» Exercise directions
Here the job is to transcribe the data verbatim while leaving each picture out.

» Source data

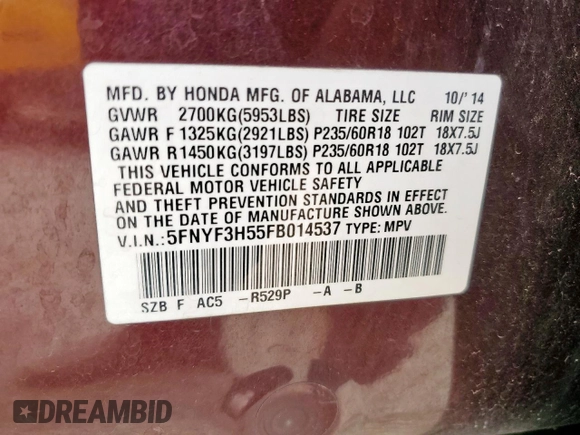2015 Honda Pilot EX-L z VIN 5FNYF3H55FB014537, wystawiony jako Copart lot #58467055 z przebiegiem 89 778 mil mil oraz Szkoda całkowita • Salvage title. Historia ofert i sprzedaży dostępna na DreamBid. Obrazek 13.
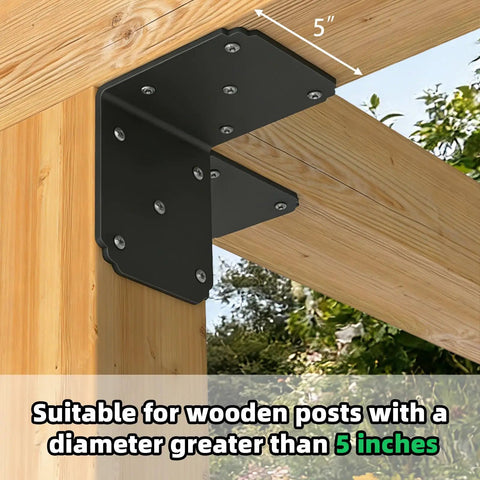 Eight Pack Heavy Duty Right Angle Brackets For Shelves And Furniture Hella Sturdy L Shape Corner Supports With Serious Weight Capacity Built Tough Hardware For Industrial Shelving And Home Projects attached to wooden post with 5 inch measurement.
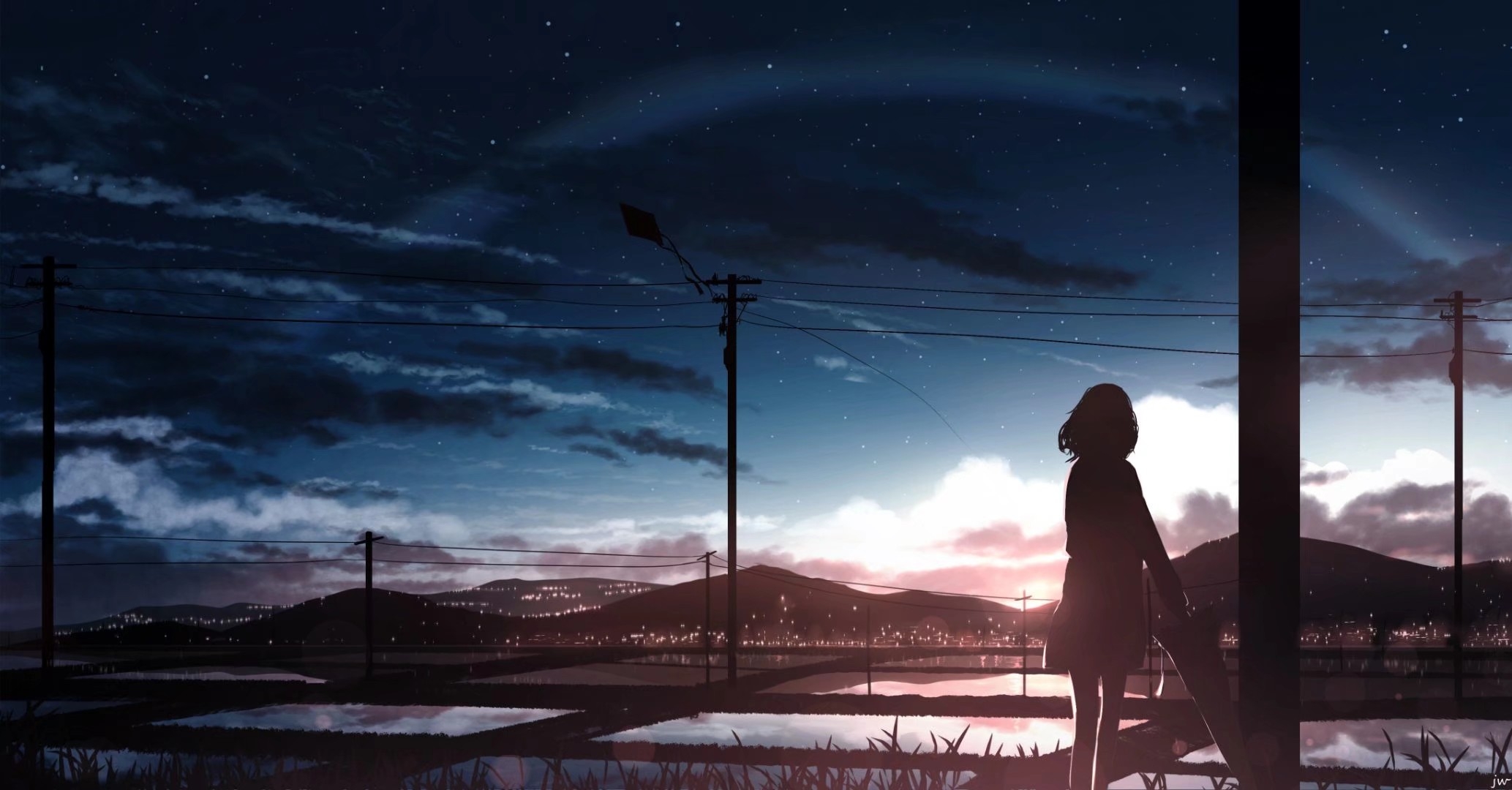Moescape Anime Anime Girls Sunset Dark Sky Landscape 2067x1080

» Answer box
2015 Honda Pilot EX-L z VIN 5FNYF3H55FB014537, wystawiony jako Copart lot #58467055 z przebiegiem 89 778 mil mil oraz Szkoda całkowita • Salvage title. Historia ofert i sprzedaży dostępna na DreamBid. Obrazek 13.
 Eight Pack Heavy Duty Right Angle Brackets For Shelves And Furniture Hella Sturdy L Shape Corner Supports With Serious Weight Capacity Built Tough Hardware For Industrial Shelving And Home Projects attached to wooden post with 5 inch measurement.
Moescape Anime Anime Girls Sunset Dark Sky Landscape 2067x1080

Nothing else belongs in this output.